Modified cerebral oxygen delivery (mCerbDO2, mL/kg/min) was calculated using the formula mCerbDO2 = [CBF × ((1.39 × Hb × Hbsat/100) + (0.003 × PaO2))], where TICF (mL/kg/min) is a surrogate for CBF, Hb is Hb concentration (g/dL), and Hbsat is Hb saturation (%). Modified cerebral oxygen consumption (mCerbVO2, mL/kg/min) was calculated according to the Fick principle (11). cFTOE (%) was calculated using the formula cFTOE = [(SaO2-TOI)/SaO2], where SaO2 is co-oximetry–derived arterial oxygen saturation and TOI used in place of cerebral venous oxygen saturation.

Statistical analysis

Sample size was calculated from published data regarding the observed change in cFTOE 30 min following treatment with indomethacin (11). Based on this data, a sample size of 21 newborns per group was needed to provide 90% power to detect a 1SD difference in the 30-min cFTOE between the 2 treatment groups with an α = 0.05.

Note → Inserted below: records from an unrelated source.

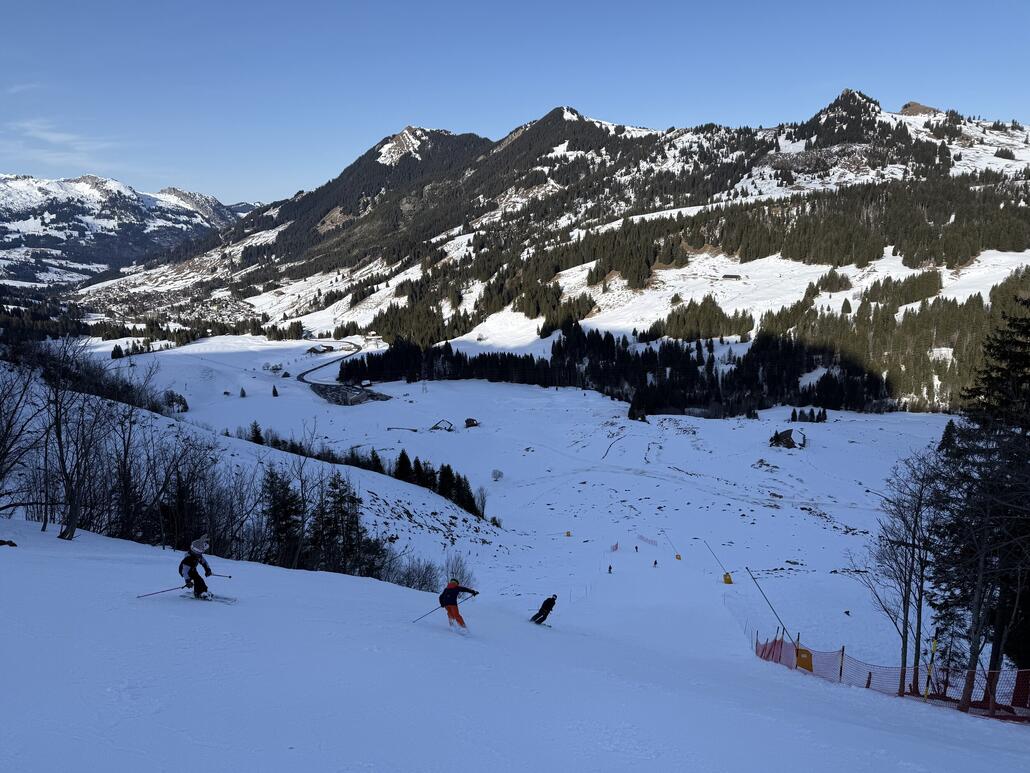 Der dritte Steilhang ist dann relativ harmlos, aber bis zur Talstation zieht es sich noch. Wie vorher erwähnt, wäre da nicht die nervige lauferei von der PB-Bergstation durch den Tunnel bis zum 4-SB Bergstation, würde ich glatt nochmal mit der PB hoch.
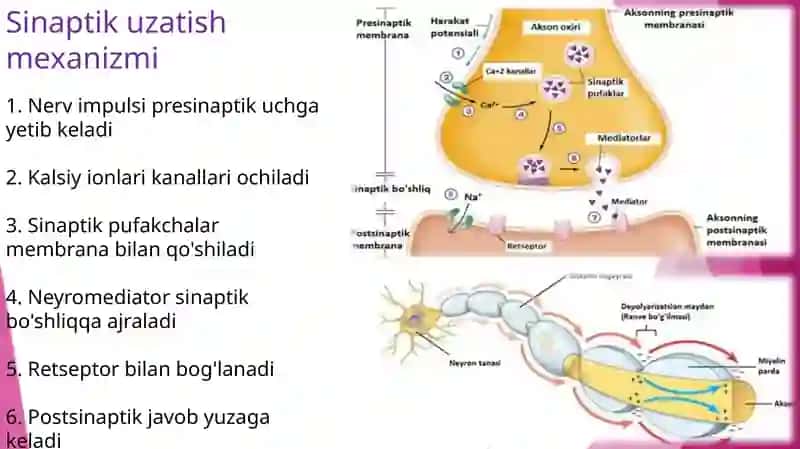 Neyromediatorlar: biosintezi, ahamiyati va kasalliklari 4
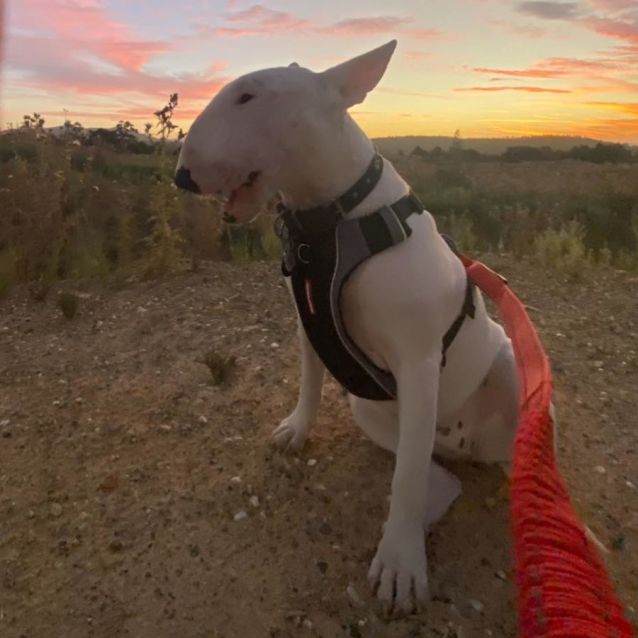 Frankie the hotsell bull terrier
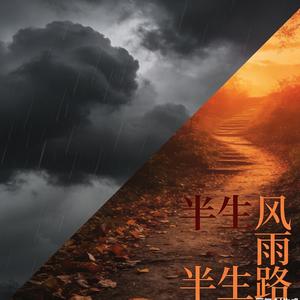 你为什么负我不负他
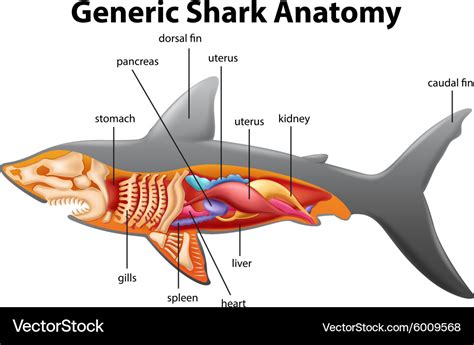 Shark Internal Anatomy - Anatomical Charts & Posters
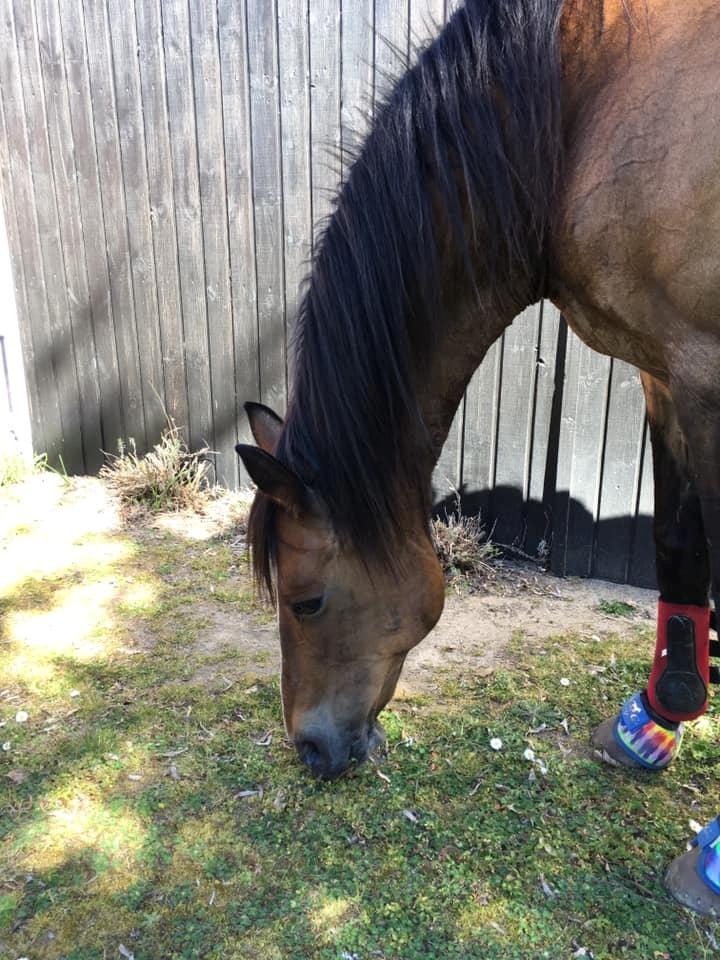 Oldenborg Korea billede 4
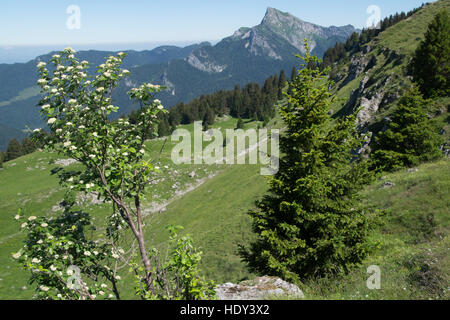 Durchgang des Pravouta, Saint-Pierre de Chartreuse, Isere, Frankreich Stockfoto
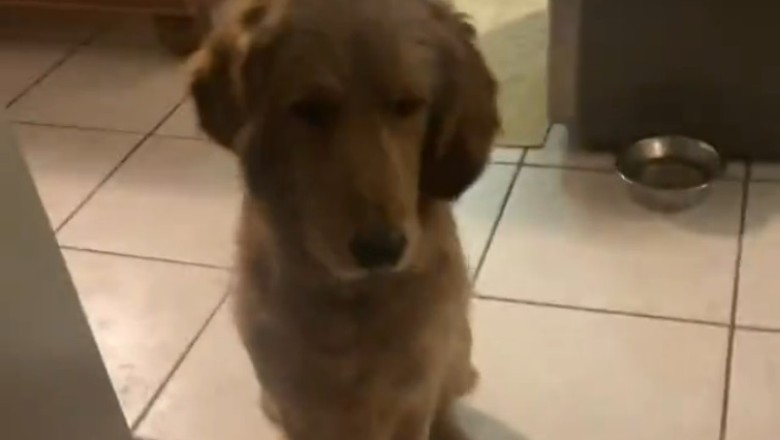 Hilarious Video: Dog Goes Crazy for Fun!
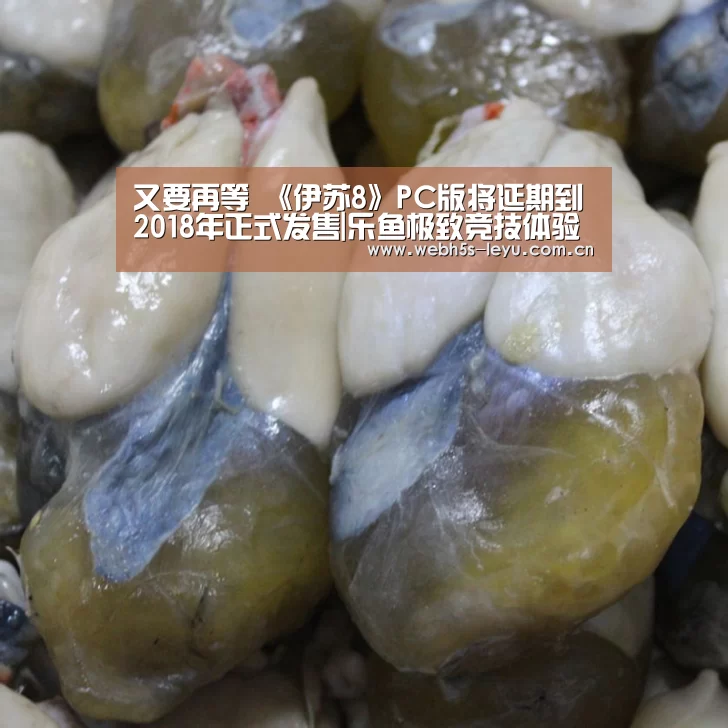 又要再等 《伊苏8》PC版将延期到2018年正式发售|乐鱼极致竞技体验(图1) 乐鱼官方网站地址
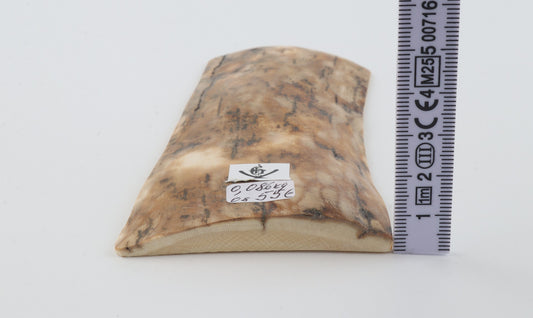 Beige mammoth bark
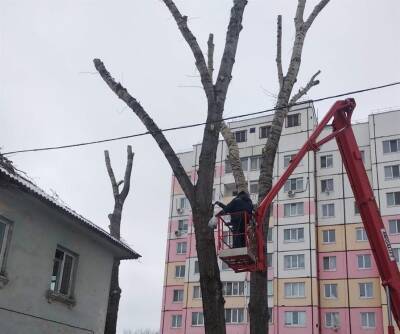 В Ульяновске за прошлый год спилили порядка четырёх тысяч аварийных деревьев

Differences between the groups were assessed using independent-samples t tests for continuous variables displaying normal distribution and the Wilcoxon rank-sum test for variables not normally distributed. Differences in frequencies for categorical variables were tested using the χ2 test or Fisher exact test. Within subject temporal changes and rate of change between study time-points in cerebral blood flow, oxygen delivery, oxygen consumption and cFTOE were analysed using Mixed Linear Models with treatment group the fixed factor. Heterogenous compound symmetry was used as the repeated covariance type and Fisher Unprotected Least Significant Difference (LSD) as the confidence interval adjustment to compare changes within treatment groups. To control for repeated comparisons, p = 0.005 was used to determine significance for post hoc analysis of differences between study time-points time points and p = 0.008 for differences in the rate of change for the oxygen kinetic variables. Data were analysed using the Statistical Package for the Social Sciences (SPSS v28; IBM SPSS, Chicago, IL, United States). The study statistician was blinded to allocated therapy.

Results

The clinical characteristics of the 48 newborns are shown in Table 1. While newborns in the ibuprofen group had higher birthweights, the rate of SGA between the groups was similar. PDA size and postnatal age at the time of treatment did not differ. There was no significant difference in the need for ventilatory or haemodynamic support between groups, with dobutamine the only inotrope administered. In addition, there were no differences in cerebral oxygen kinetics at baseline.

TABLE 1
www.frontiersin.org

Table 1. Clinical characteristics.

Total internal carotid flow

A fixed effect for time was seen for indomethacin (p < 0.001) and ibuprofen (p = 0.02) (Table 2). For the indomethacin group, TICF fell between baseline and the 5 (p < 0.001) and 30-min (p = 0.001) timepoints before increasing above baseline levels from the 4-h timepoint onwards, baseline to 24 h (p = 0.002) 5-min to 4 h (p = 0.003), 5-min to 24 h (p < 0.001); and 30 min to 24 h (p < 0.001) (Figure 2A). For babies in the ibuprofen group, the only significant change in flow occurred between baseline and 24 h (p = 0.003). Mixed-model analysis also showed a fixed effect for treatment (F(1–30.5) = 6.3, p = 0.017). On average, TICF was 19.8 (95% CI, -35.8 to -3.7) ml/kg/min lower in the indomethacin group. Post hoc analysis demonstrated differences between the groups at the 5 min (p = 0.002) and 30-min time-points (p = 0.005).

TABLE 2
www.frontiersin.org

Table 2. Mixed linear models fixed effect for time for the measured oxygen kinetic variables by indomethacin and ibuprofen treatment group.

FIGURE 2
www.frontiersin.org

Figure 2. Temporal changes in oxygen delivery for the indomethacin and ibuprofen treatment groups. (A) Total internal carotid blood flow. (B) modCerbDO2. **p < 0.01 between treatment group difference at that study timepoint.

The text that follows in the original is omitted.